WASHINGTON — The Internal Revenue Service is considering whether to no longer accept walk-in customers seeking help or to make payments, the nation’s taxpayer advocate told Congress Friday.
“The IRS is conducting a pilot under which it will not even accept tax payments from walk-in taxpayers,” the agency’s National Taxpayer Advocate Nina Olson told a House panel on government operations Friday.
“Is that not insane?” asked Rep. Mark Meadows, R-North Carolina, who chairs the subcommittee of the House Oversight and Government Reform Committee that heard Olson’s annual report.
Olson’s report comes just days before federal income taxes are due on April 18.
“You have a willing taxpayer, willing to give some of their hard-earned dollars to the IRS, and show up. And they’re saying ‘we can’t take the payment because you don’t have an appointment.’ Is that correct?” asked Meadows
“That’s correct,” replied Olson.
Olson says Congress hasn’t adequately funded the IRS while saddling it with two new major jobs: administering the Affordable Care Act and cracking down on fraudulent Earned Income Tax Credit payments.
The IRS says it costs about $60 for every in-person taxpayer encounter. But Olson told lawmakers that the IRS must consider the consequences of cost-cutting moves like no longer allowing walk-ins.
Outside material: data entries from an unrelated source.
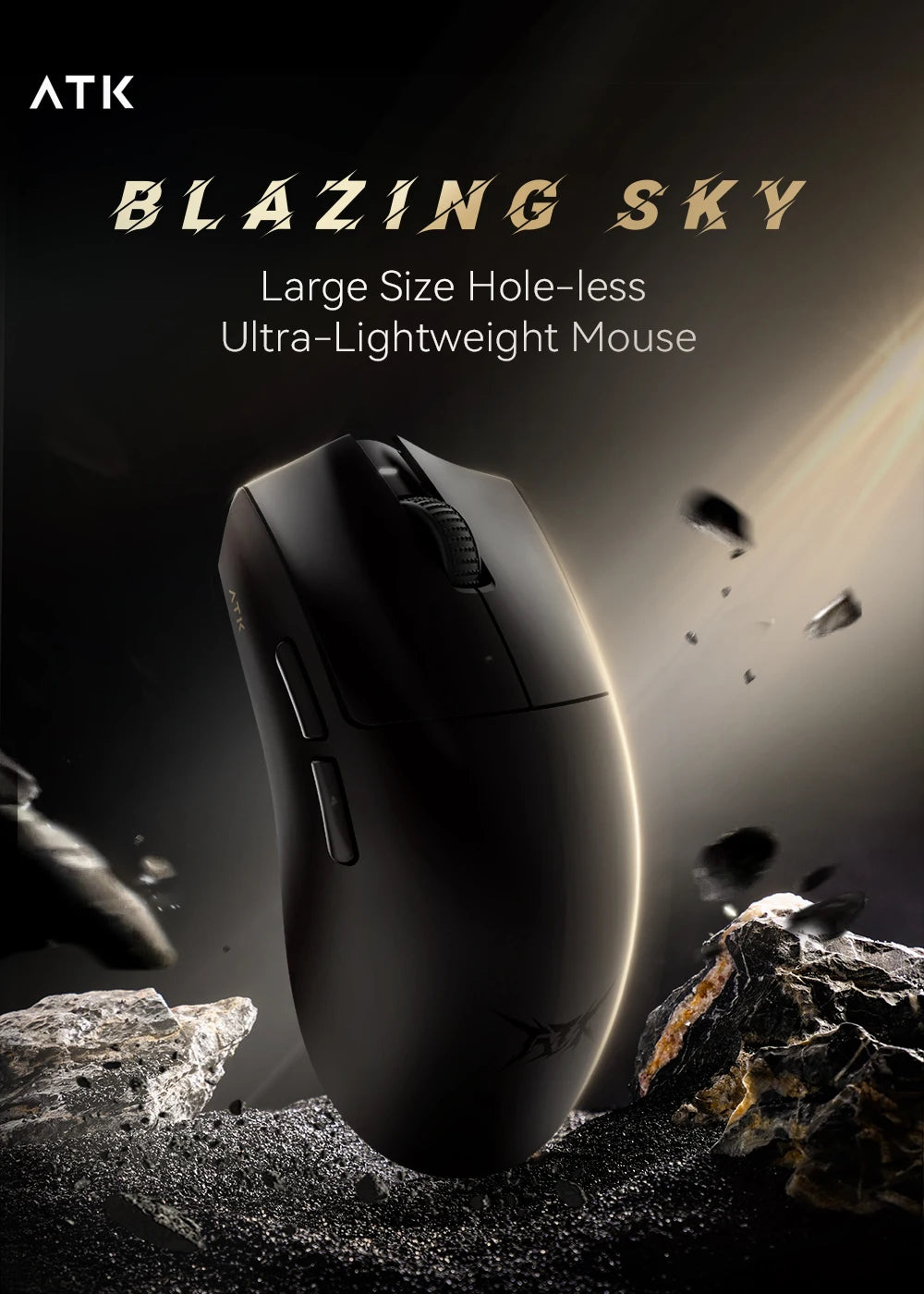 ATK X1 Series Wireless Bluetooth Mouse Paw3950/Ultra 8k Lightweight 49g Three Mode Mouse Fps Gamer Mouse Custom Gift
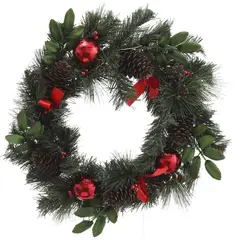 DEAR SANTA - Corona Led 15 Luces Cal 45 cm Batería Navidad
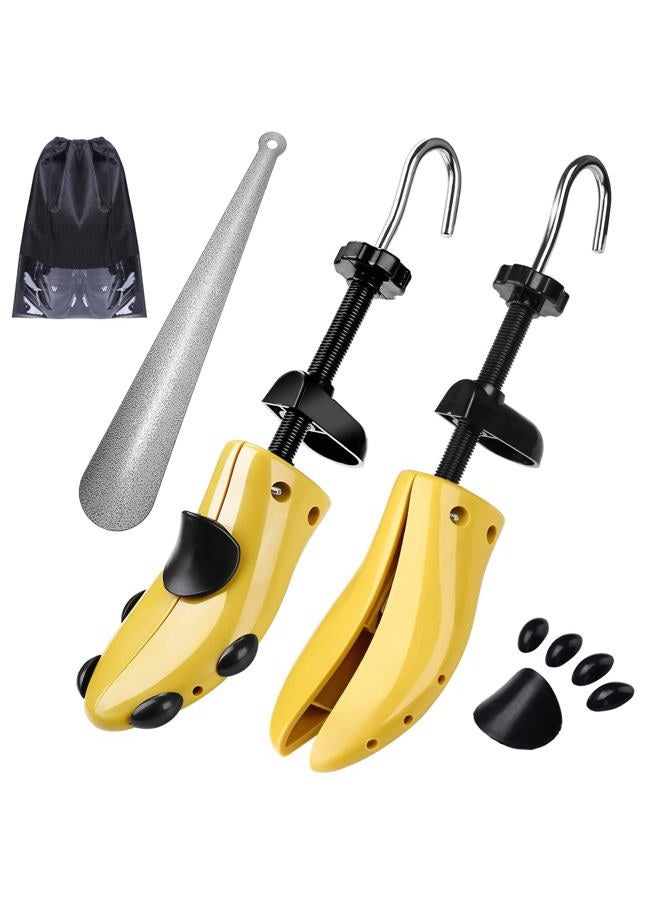 eachway Shoe Stretcher Shoe Trees,Adjustable Length & Width for Men and Women(For Women's Size US5.5-9) - Image 1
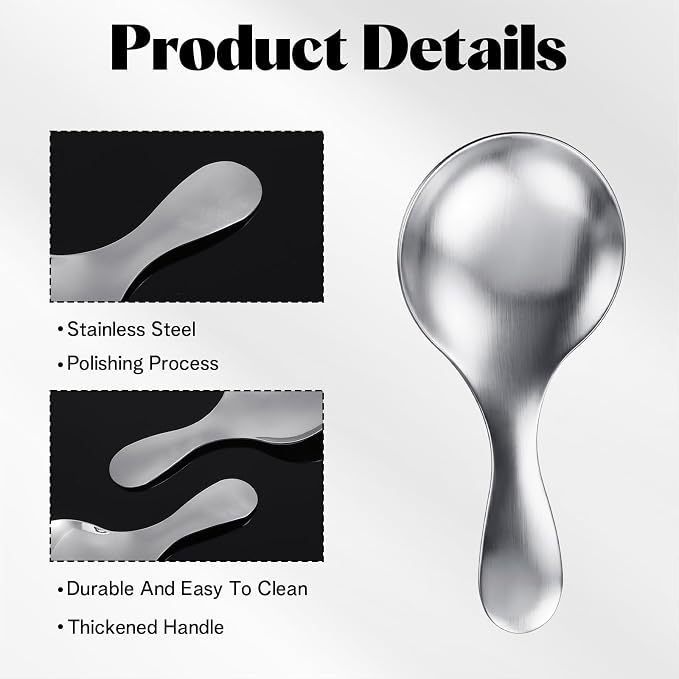 6pcs Small Scoops For Canisters, Mini Scoops for Canisters, Stainless Steel - Image 3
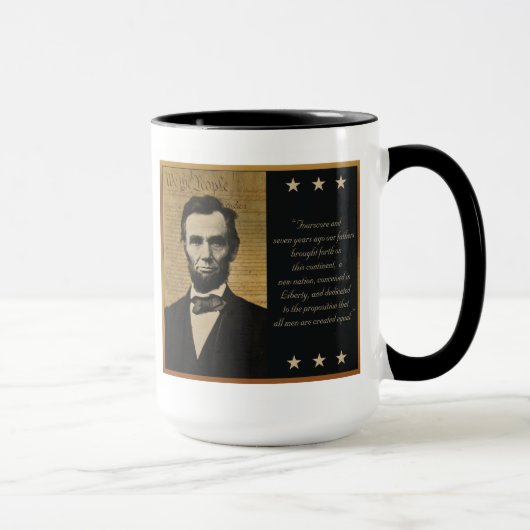 Abraham Lincoln mok (Rechts)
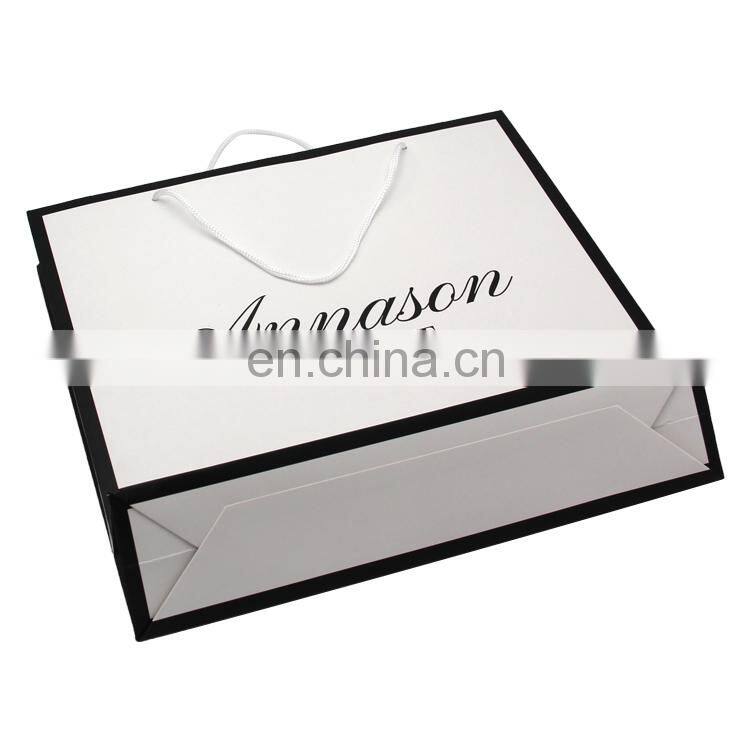boutique designed cute transparent premium luxury personalized paper bag with ribbon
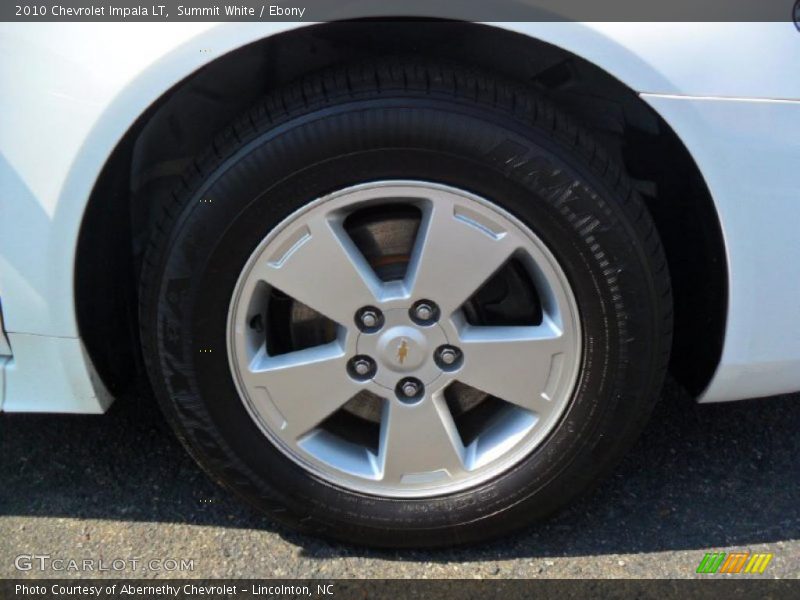 Summit White / Ebony 2010 Chevrolet Impala LT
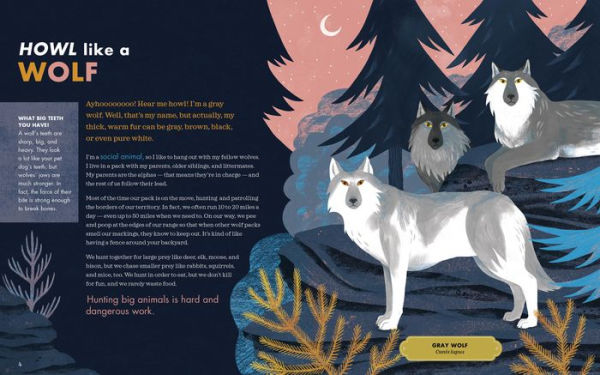 Howl like a Wolf!: Learn about 13 Wild Animals and Explore Their Lives through Creative Play Activities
“You may have spent $60, but you might have brought in $5,000 by serving that taxpayer in that walk-in site.”
And she says a trend of non-service could easily snowball within the IRS.
“The IRS will use the data of declining usages to justify further reductions in in-person service.”
Olson also blames declining customer service quality on what she calls misplaced priorities: more effort going after the tax cheats than helping honest taxpayers.
“Rather than designing tax administration around the small minority of taxpayers who are deliberately evading payment of tax, we should design our rules and procedures to make it easier and clearer for the willing taxpayers to comply.”